Earlier this month, security researchers from Radware found an unusual type of malware via honeypot servers: BrickerBot.1 and BrickerBot.2. These bots scoured the internet, hunting for unsecure Internet of Things devices with open ports. If the default login worked, BrickerBot would log in and break the product, wiping the device, corrupting local storage and taking it offline.
So where’s the ethical ambiguity here? This is malware that’s breaking people’s property, right? Well, yes, but it’s only targeting IoT hardware where manufacturers have cut corners on their security obligations to the point where everyone suffers. In other words, the hackers are taking down unsecure products before someone else comes along and uses the same exploits for far more nefarious purposes. Like the Mirai malware that ran riot on the internet late last year.
BrickerBot now has four versions, and the hacker in question – believed by Bleeping Computer to go under the online pseudonym of Janit0r – claims his or her malware has taken down two million unsecure devices. In an interview via email with the site, the hacker wrote: “The IoT security mess is a result of companies with insufficient security knowledge developing powerful internet-connected devices for users with no security knowledge. Most of the consumer-oriented IoT devices that I’ve found on the net appear to have been deployed almost exactly as they left the factory.”

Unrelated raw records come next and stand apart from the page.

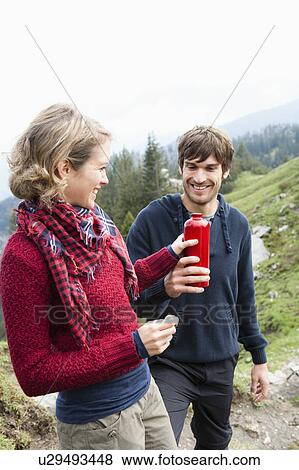 Stock Photo - Man offering woman bottle. Fotosearch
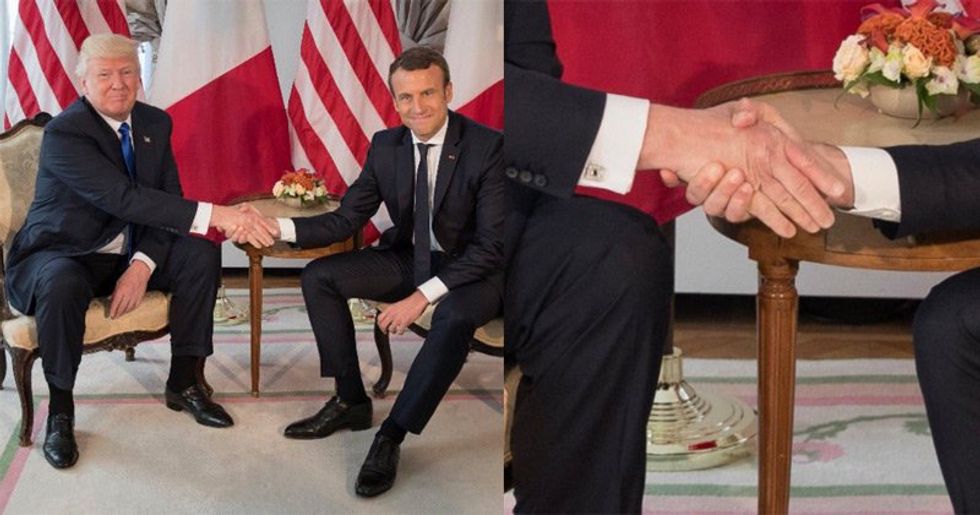 WATCH: Trump tries power handshake on French president -- and gets defeated by a white knuckle grip
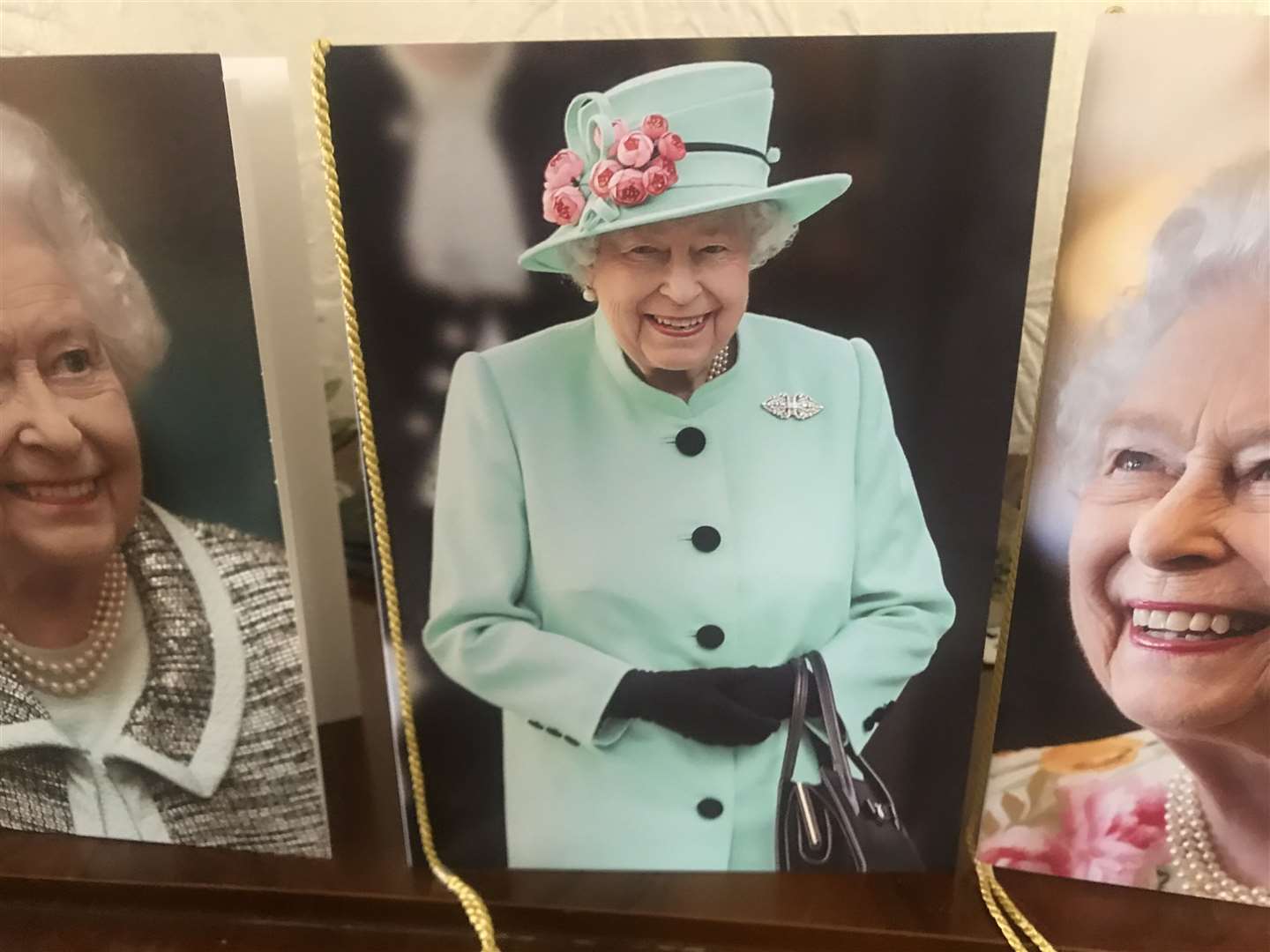 This year's card shows The Queen in a mint green coat and hat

“For example, 9 out of every 10 Avtech IP cameras that I’ve pulled the user db from were set up with the default login admin/admin! Let that statistic sink in for a second.. and then consider that if somebody launched a car or power tool with a safety feature that failed 9 times out of 10, it would be pulled off the market immediately. I don’t see why dangerously designed IoT devices should be treated any differently, and after the internet-breaking attacks of 2016, nobody can seriously argue that the security of these devices isn’t important.”
Janit0r goes on to describe his nuclear solution as “internet chemotherapy,” saying: “Chemotherapy is a harsh treatment that nobody in their right mind would administer to a healthy patient, but the internet was becoming seriously ill in Q3 and Q4/2016, and the moderate remedies were ineffective.”
“The side effects of the treatment were harmful, but the alternative (DDoS botnet sizes numbering in the millions) would have been worse.”
So we’ve got a piece of aggressive malware that sets out to deliberately break people’s property. That’s bad. But it’s committing vandalism to prevent them being co-opted for far wider internet attacks. This is the very definition of a grey area: if it makes manufacturers take their IoT security even slightly more seriously then it will have helped the wider internet ecosystem. However, that’s small consolation to the couple who can’t get a refund on their shoddily made smart lightbulbs, thermostat or connected cameras.